▶ _Task goal_
When you reach the line that contains "Bluza 4F FNK M209 M 4FAW23TFSWM209 20S S" in the data below, start reproducing lines exactly, and stop after the line that contains "Tommy Fury 'CHEATED".

▶ _Data extract_
*** Block opens ***

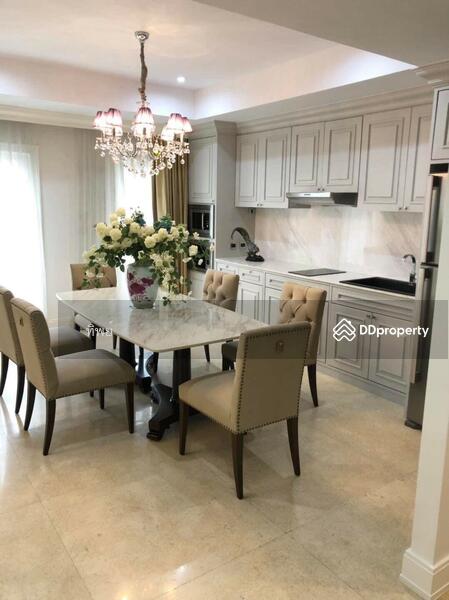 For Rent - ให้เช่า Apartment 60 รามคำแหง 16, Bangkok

*** Block closes ***
*** Block opens ***

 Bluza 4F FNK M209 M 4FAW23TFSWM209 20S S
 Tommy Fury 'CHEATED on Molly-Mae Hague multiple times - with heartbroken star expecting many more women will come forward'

*** Block closes ***

▶ _Task result_
 Bluza 4F FNK M209 M 4FAW23TFSWM209 20S S
 Tommy Fury 'CHEATED on Molly-Mae Hague multiple times - with heartbroken star expecting many more women will come forward'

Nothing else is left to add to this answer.